# Fuel for my new engine : Sunnyside Gasoline Stove & Lantern Fuel ?



## Helder22 (Nov 28, 2013)

Ok so I recently started up my 1/2 Scale Olds hit miss engine (Breisch castings) for the first time using regular gasoline from the pump. I found it extremely hard to turn over to start. Most of the engines I see one youtube appear to turn and start very easily with just a "flick of the wrist". Mine needs more muscle. The plans give you an option of either 4.2:1 compression or 5:1 compression, and I went with 5:1. Maybe I shouldn't have.... 
Its also loud (well probably cause I havent made a muffler yet) and it also seems more "violent" than the ones on Youtube. Dont really know how to explain it. Maybe its just the noise that makes it seem that way. Sounds like a machine gun lol. 

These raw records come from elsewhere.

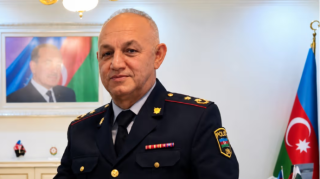 Polis polkovnik leytenantı rəis TƏYİN EDİLDİ  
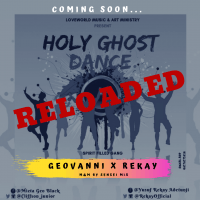 ZRK - Holy Ghost Dance Reloaded (feat. Geovanni, Rekay)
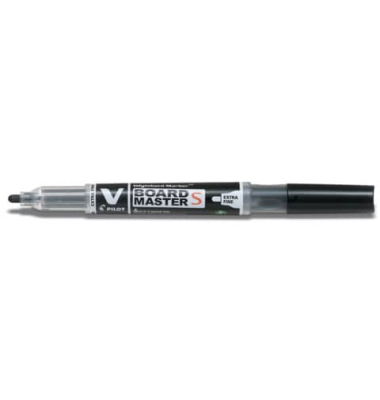 Boardmarker V-Board Master S, 5083701, Stift, schwarz, 1,3mm Rundspitze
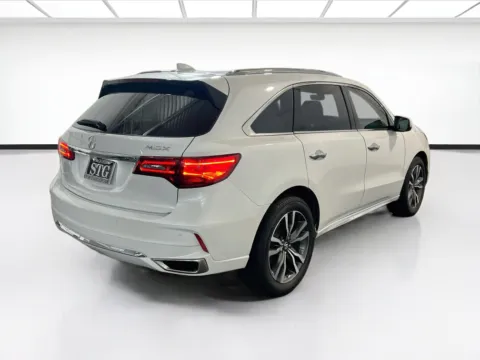 More photos of 2020 Acura MDX Advance Pkg at STG Chandler, AZ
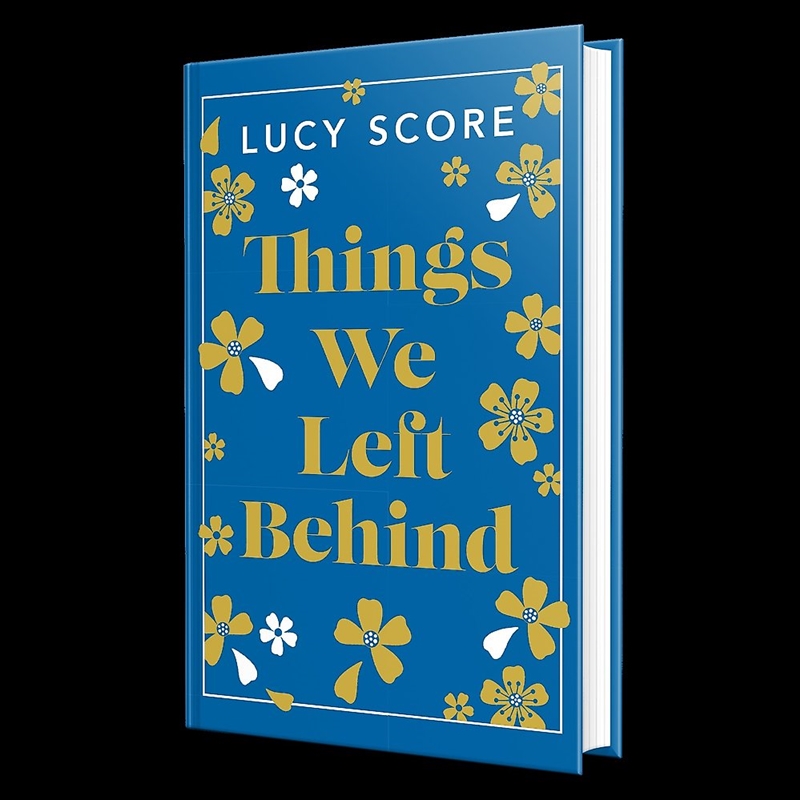 Things We Left Behind/Product Detail/Romance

Anyhow. I was thinking Id try to run it on some Coleman Lantern fuel as I hear it makes engines run a bit smoother/softer. Problem is I cannot find any Coleman Fuel around here (Grenada, the tiny island). The closest thing I was able to find is Gasoline Stove & Lantern Fuel made by Sunnyside. 
http://www.sunnysidecorp.com/products_fuels.html

Will this stuff work? Is it the same as the Coleman stuff? If so should I just run it pure or mix some WD40 into it? I dont wanna buy it if its probably not gonna work cause its rather expensive. 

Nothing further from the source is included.